→ WHAT TO PRODUCE:
Below, locate the line that contains "Penguin with Ice cream Classic Round Sticker". Repeat exactly from that line to the line that contains "image:imageGRACE KARIN Cashmere", inclusive, leaving out the pictures.
**** DATA SUPPLIED
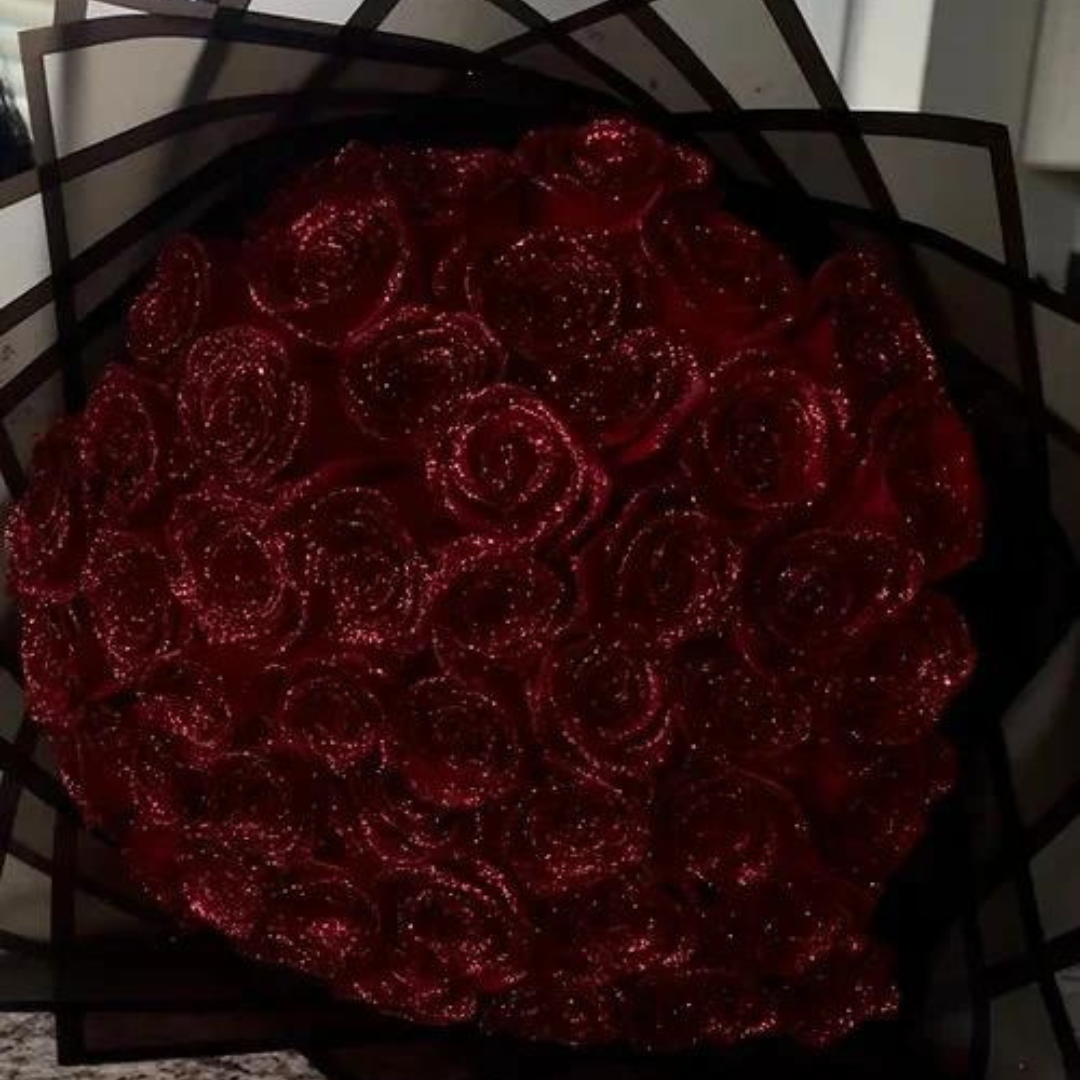 Exclusieve geschenkdoos met glitterrozen, een blijvend romantisch geschenk voor elke speciale gelegenheid.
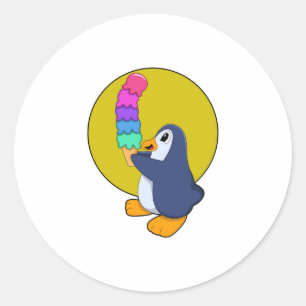 Penguin with Ice cream Classic Round Sticker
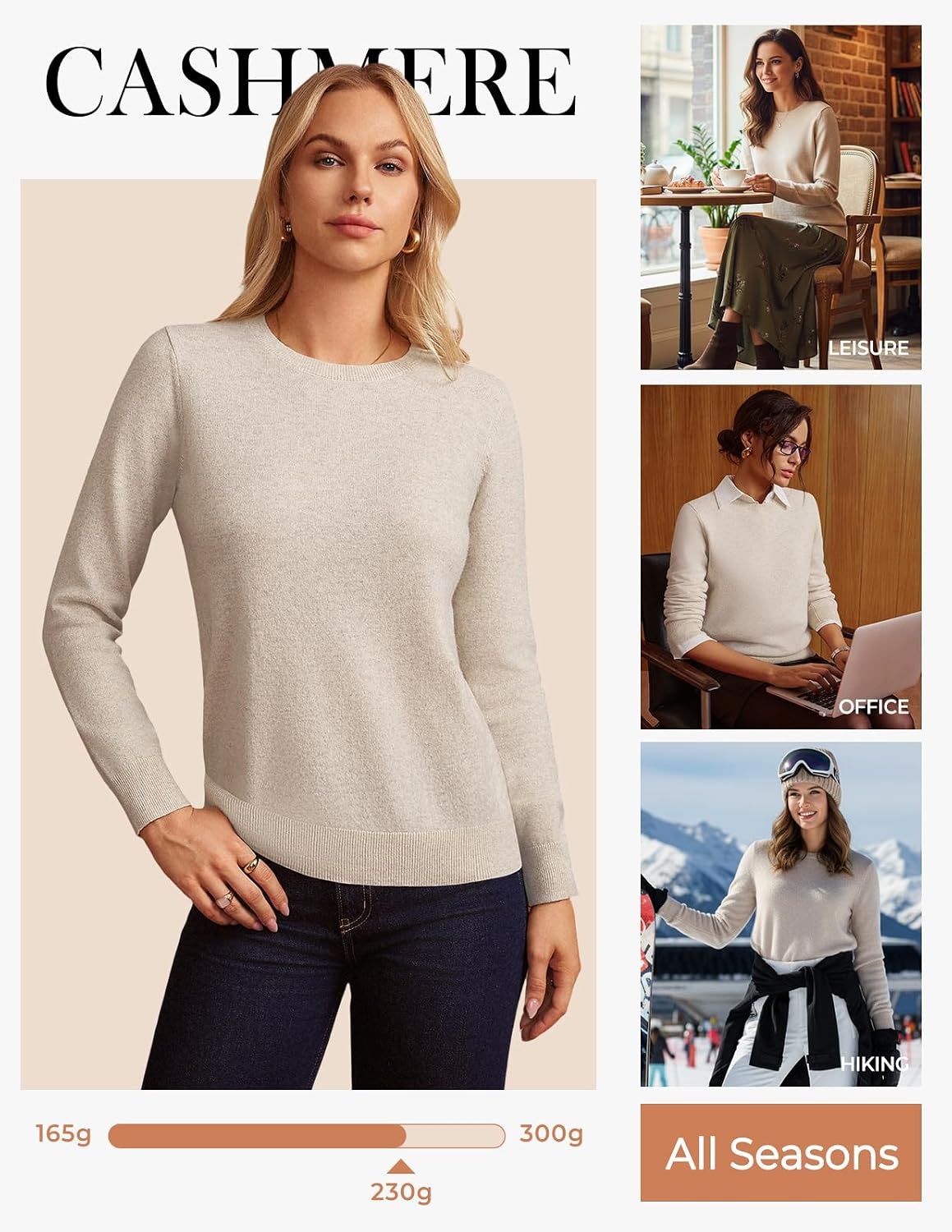 image:imageGRACE KARIN Cashmere Sweaters for Women Lightweight Merino Wool Sweater Cozy Fitted Pullover Fall Fashion 2026 with SocksAlmond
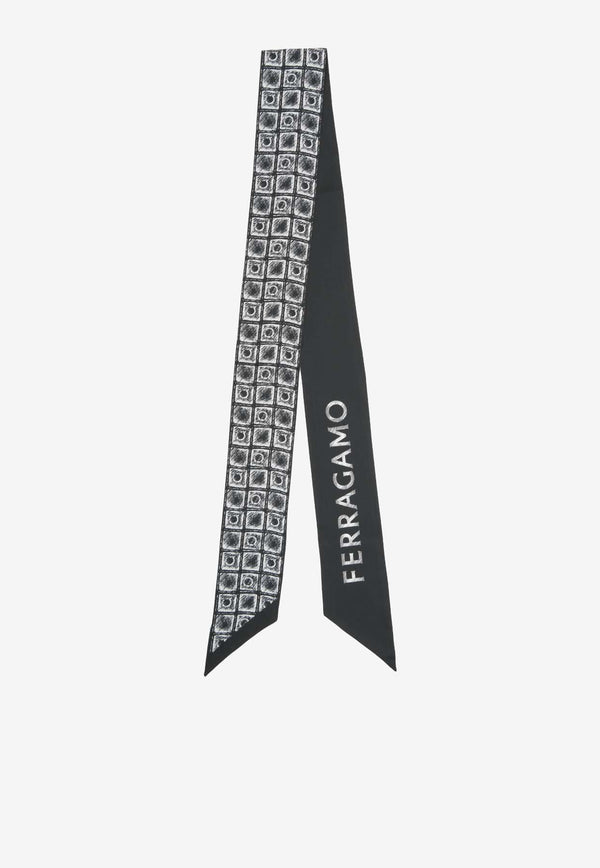 Salvatore Ferragamo Graphic Logo Silk Tie Scarf 320845 TW ETCHED C 771453 BLACK/IVORY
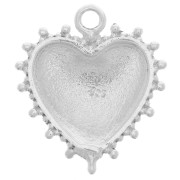 21x18.5mm 925 Sterling Silver Heart pendant with small beads x1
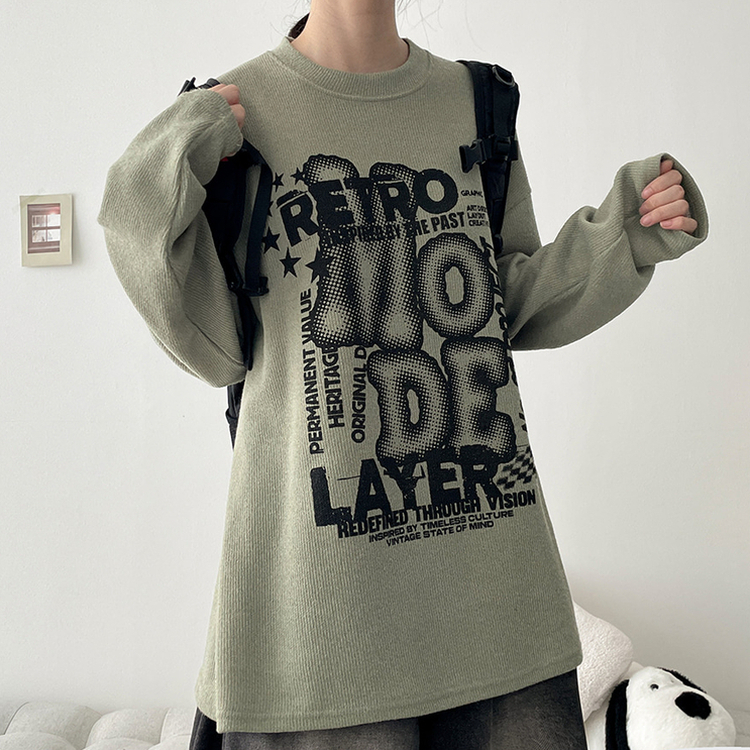 イラストプリントニット長袖Tシャツ OLIVE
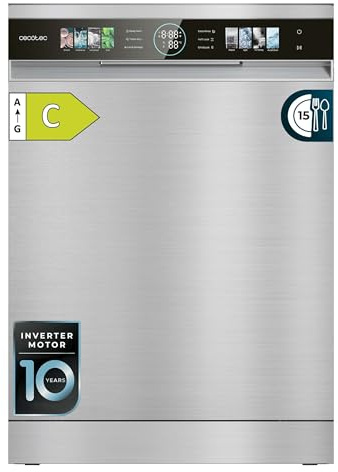 Cecotec Lavavajillas Compacto de 60cm Bolero Aguazero 6620 Inox C, 1850W, 15 Cubiertos, 8 Programas, Motor Inverter, Pantalla FullColor XXL, Smart Wash, Turbo Dry+, AutoClean, Media Carga, Delay Start
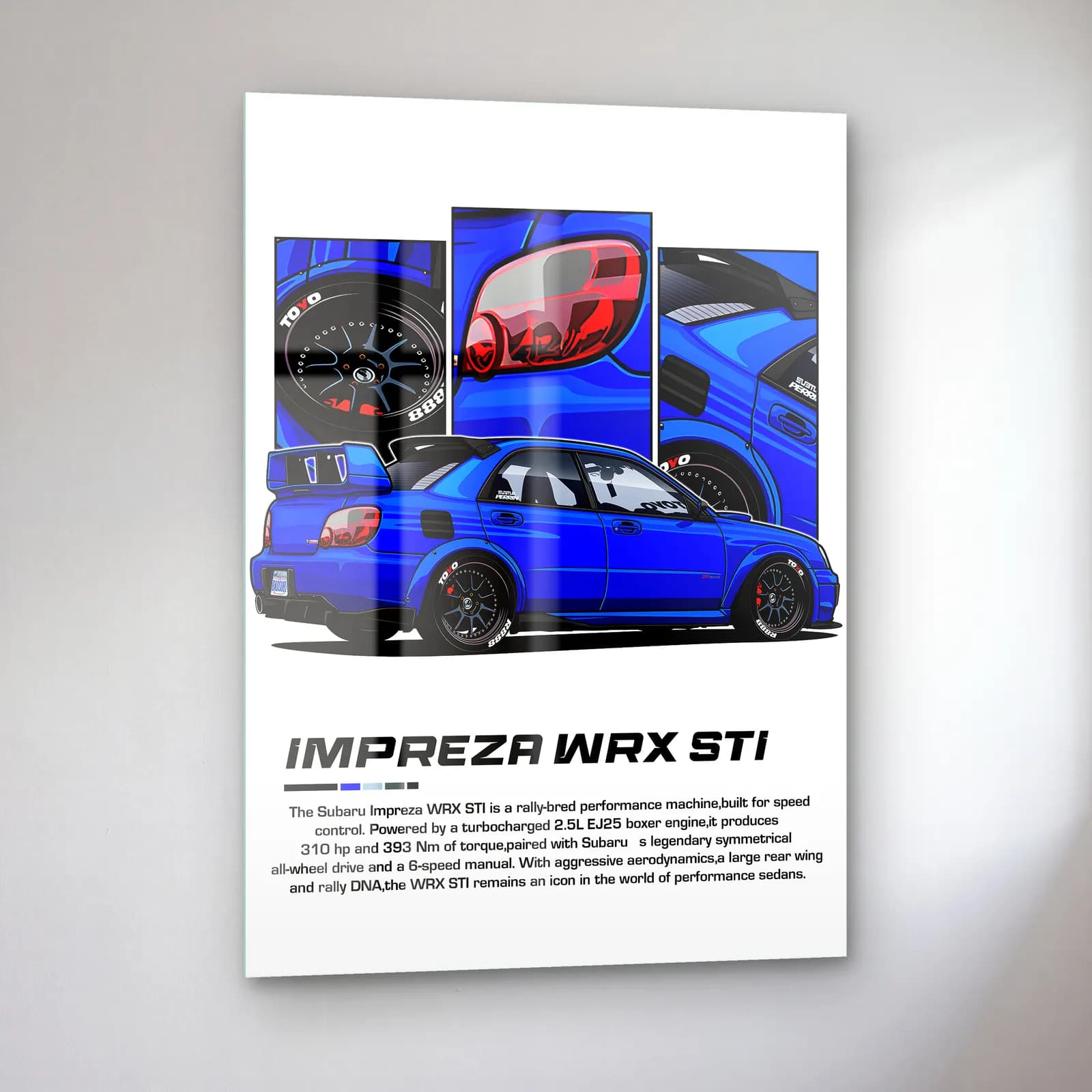 Subaru Impreza WRX STI Klasik cam tablo — sol açıdan görünüm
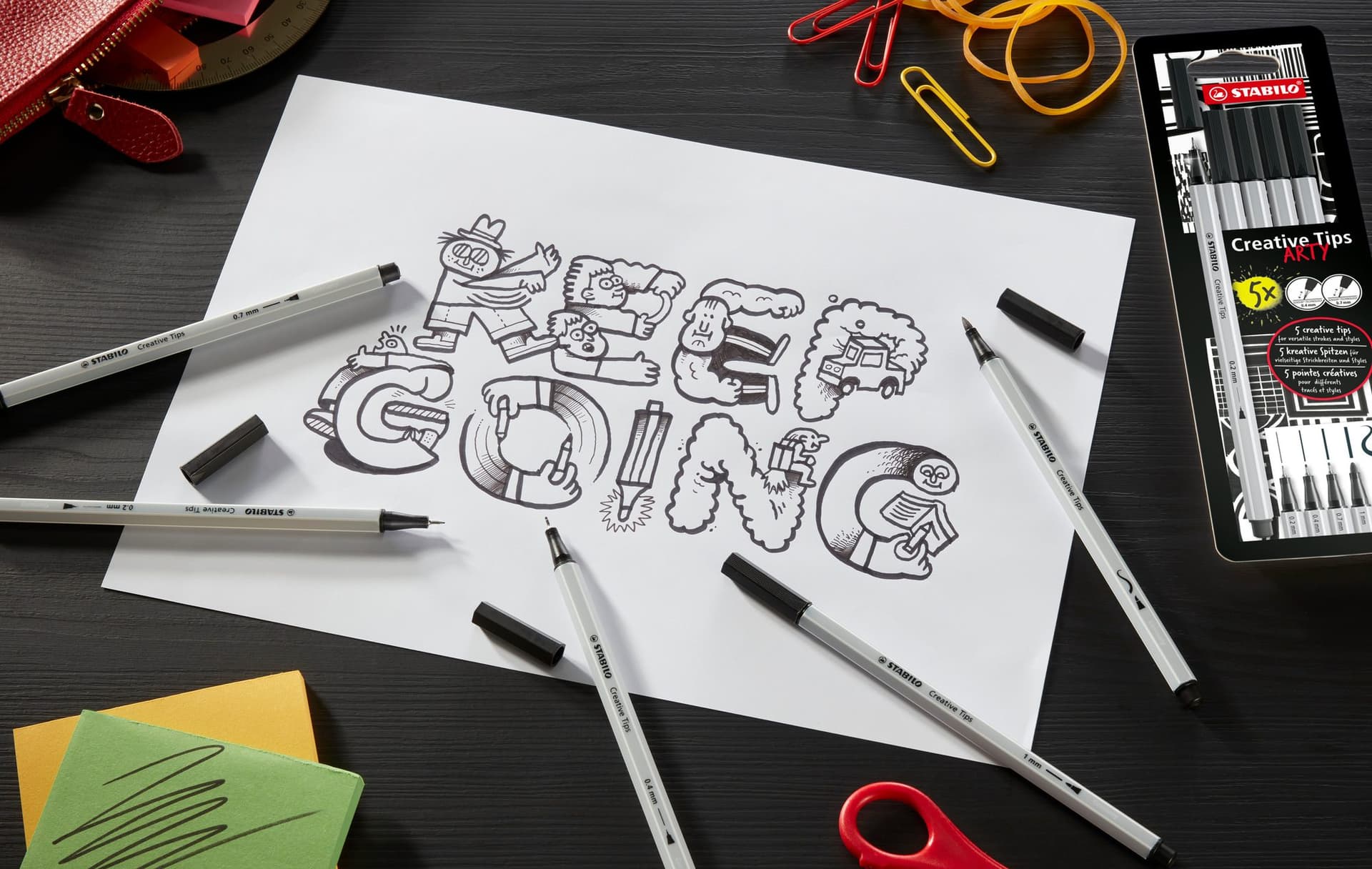 Creative Tips STABILO Arty assorti tips zwart en grijs 10 stuks 5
********
→ OUTPUT OF THE EXERCISE:
 Penguin with Ice cream Classic Round Sticker
 image:imageGRACE KARIN Cashmere Sweaters for Women Lightweight Merino Wool Sweater Cozy Fitted Pullover Fall Fashion 2026 with SocksAlmond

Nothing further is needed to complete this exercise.